FIG. 3 is a component diagram depicting components utilized in identifying the workload of a hybrid cloud based on its provisioning delay. The hybrid cloud-based environment includes both private cloud-based environments 305 as well as public cloud-based environments 330. There can be any number of private cloud-based environments and public cloud-based environments. As shown, the various cloud-based environments are monitored using either internal monitoring within the individual clouds, using external monitoring techniques, or a combination of both.
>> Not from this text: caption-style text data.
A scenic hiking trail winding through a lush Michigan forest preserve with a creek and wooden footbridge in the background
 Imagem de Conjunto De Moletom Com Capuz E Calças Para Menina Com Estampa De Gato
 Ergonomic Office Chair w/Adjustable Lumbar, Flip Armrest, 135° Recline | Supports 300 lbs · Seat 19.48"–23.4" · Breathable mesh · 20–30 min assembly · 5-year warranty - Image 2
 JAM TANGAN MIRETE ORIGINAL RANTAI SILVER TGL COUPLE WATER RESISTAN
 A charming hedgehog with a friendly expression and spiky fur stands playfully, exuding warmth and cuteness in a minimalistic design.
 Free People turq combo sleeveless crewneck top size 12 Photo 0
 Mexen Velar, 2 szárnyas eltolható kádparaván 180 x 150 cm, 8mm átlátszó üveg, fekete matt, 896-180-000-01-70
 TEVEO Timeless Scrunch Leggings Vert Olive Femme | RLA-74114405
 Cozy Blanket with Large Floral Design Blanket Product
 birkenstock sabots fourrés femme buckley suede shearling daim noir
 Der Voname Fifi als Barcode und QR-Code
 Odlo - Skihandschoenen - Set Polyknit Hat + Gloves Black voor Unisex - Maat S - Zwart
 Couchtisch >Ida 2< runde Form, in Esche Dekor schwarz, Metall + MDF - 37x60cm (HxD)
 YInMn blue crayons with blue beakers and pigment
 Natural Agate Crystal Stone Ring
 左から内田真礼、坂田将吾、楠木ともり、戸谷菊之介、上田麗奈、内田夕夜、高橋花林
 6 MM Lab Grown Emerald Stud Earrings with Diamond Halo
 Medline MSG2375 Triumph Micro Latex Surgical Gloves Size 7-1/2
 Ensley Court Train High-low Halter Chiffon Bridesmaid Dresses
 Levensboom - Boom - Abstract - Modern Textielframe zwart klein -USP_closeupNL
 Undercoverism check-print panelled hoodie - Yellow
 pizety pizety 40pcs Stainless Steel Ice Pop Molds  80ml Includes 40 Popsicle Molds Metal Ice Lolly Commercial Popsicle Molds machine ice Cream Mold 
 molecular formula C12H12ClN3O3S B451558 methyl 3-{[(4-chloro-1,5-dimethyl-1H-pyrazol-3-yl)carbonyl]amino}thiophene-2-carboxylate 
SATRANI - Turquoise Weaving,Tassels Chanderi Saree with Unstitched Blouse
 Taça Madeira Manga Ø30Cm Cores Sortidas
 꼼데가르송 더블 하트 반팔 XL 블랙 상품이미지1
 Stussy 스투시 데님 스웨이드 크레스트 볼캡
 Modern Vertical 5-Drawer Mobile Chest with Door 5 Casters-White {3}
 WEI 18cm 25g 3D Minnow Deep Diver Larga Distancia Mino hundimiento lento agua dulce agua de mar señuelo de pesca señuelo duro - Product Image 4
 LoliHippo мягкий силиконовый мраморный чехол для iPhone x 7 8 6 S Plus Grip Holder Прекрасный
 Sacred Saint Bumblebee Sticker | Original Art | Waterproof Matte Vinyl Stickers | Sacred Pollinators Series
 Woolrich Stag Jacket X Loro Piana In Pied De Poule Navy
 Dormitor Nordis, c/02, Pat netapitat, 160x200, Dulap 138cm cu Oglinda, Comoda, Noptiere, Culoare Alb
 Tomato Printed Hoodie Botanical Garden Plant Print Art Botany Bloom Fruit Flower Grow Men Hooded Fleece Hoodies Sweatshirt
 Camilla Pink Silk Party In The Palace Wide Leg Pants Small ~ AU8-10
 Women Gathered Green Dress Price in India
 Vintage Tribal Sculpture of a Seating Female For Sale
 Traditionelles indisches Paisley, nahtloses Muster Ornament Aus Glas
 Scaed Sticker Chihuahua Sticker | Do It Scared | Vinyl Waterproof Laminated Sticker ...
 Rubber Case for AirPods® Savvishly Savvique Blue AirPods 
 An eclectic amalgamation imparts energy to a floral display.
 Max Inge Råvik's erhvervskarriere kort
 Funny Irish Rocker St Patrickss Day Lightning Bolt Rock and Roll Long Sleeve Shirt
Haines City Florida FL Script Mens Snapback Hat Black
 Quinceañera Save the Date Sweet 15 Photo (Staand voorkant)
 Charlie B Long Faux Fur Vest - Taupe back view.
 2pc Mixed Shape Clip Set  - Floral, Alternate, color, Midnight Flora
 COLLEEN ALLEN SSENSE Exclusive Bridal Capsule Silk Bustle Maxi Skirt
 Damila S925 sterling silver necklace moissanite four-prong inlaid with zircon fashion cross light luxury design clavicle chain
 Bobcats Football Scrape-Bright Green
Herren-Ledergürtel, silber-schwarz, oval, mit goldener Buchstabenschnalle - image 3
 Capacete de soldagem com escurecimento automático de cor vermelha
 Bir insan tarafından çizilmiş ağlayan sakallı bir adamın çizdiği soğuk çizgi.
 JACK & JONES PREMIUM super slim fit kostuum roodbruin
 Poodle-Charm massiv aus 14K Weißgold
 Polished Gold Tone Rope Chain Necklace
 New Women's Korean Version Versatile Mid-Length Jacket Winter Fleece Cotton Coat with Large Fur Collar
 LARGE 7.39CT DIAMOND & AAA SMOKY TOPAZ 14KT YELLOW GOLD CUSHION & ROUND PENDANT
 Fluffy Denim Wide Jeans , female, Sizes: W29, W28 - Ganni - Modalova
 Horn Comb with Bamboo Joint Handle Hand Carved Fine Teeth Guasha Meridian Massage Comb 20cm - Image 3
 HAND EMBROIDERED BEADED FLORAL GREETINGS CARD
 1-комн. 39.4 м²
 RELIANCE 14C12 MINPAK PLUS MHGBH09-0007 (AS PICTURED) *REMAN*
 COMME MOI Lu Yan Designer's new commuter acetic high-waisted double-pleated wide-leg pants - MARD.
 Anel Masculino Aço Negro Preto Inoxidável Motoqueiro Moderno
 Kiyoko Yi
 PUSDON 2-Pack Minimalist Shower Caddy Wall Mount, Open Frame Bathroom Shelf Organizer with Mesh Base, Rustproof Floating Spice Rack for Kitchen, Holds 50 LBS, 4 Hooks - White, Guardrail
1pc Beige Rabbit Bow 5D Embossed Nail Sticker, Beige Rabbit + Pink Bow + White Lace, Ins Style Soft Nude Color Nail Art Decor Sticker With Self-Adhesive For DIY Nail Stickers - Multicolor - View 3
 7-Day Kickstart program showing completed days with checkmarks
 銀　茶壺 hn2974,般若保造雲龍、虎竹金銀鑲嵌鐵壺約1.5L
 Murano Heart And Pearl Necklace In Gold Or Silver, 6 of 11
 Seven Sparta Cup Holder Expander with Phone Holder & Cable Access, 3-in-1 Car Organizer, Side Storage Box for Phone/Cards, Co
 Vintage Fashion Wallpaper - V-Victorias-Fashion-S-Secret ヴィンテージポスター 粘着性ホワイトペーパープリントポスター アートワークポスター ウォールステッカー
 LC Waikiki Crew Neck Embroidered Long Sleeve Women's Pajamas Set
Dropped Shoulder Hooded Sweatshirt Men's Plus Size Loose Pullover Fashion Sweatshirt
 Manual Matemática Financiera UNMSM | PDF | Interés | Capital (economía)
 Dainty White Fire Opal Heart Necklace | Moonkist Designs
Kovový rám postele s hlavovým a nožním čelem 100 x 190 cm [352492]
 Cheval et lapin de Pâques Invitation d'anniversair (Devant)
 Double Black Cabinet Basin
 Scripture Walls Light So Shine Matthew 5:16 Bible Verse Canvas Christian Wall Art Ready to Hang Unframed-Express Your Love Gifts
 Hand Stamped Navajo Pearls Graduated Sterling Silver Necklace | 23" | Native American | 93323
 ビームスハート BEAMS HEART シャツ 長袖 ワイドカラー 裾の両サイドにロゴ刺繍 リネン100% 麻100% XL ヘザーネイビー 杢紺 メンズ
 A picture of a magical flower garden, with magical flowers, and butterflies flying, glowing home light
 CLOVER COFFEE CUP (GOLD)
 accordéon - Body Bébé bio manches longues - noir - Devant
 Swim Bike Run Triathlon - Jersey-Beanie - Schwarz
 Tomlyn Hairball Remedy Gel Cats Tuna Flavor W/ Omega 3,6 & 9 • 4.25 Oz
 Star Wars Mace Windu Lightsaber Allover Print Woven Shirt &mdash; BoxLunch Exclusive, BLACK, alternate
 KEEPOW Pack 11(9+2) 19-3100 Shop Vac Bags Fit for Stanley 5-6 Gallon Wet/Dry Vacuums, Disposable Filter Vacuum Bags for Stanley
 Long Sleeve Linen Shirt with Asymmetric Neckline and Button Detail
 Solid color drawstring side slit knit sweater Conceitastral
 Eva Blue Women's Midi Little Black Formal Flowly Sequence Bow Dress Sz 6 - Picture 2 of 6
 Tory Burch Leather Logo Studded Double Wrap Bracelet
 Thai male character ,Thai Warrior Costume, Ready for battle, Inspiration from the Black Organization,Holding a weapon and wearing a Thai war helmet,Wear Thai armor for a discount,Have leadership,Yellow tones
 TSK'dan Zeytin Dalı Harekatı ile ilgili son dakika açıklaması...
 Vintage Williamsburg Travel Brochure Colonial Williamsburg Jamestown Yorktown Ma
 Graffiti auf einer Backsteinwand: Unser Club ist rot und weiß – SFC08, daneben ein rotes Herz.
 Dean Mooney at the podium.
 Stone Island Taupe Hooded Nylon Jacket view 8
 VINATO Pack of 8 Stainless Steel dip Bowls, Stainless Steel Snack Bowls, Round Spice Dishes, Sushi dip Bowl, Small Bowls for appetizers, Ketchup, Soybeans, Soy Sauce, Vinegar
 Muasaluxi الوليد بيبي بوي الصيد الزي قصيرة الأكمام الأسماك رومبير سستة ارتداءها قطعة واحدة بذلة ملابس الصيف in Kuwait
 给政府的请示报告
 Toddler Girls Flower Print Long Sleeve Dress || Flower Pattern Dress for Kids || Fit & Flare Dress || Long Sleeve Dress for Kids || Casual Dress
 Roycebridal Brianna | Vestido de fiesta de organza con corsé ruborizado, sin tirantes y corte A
In the example shown, monitors 315, 325, 345, and 355 are shown monitoring various cloud-based environments with monitors 315 and 325 monitoring private cloud-based environments 305 and monitors 345 and 355 monitoring public cloud-based environments 330.
The data gathered by the various monitors is used by hybrid cloud workload selector 300 to identify a cloud-based environment that is suitable for a workload that is being requested by requestor 360. The historical data gathered when provisioning workloads is stored in provisioning delay data store 370. Hybrid cloud workload selector attempts to select one of the available cloud-based environments based on a number of factors. However, if the requested workload is not suitable for a cloud-based environment, then hybrid cloud workload selector will provision, or recommend provisioning, the workload on traditional system 380 with the traditional system being a computer system that is not a cloud-based environment.
FIG. 4 is a depiction of a flowchart showing the logic performed by the hybrid cloud workload selector. Processing commences at 400 whereupon, at step 410, the process receives a workload request to provision a workload with the workload request being received from requestor 360. At step 415, the process retrieves data that pertains to the workload. The data pertaining to the workload is retrieved from a Service Level Agreement (SLA) stored in data store 420 that details the level of service contracted for by the customer. In addition, data pertaining to the workload is retrieved from a workload configuration that is stored in data store 425. The workload configuration includes metadata regarding the workload, such as the sensitivity of the workload and whether a private or public cloud-based environment is preferred when deploying the workload to a cloud-based environment.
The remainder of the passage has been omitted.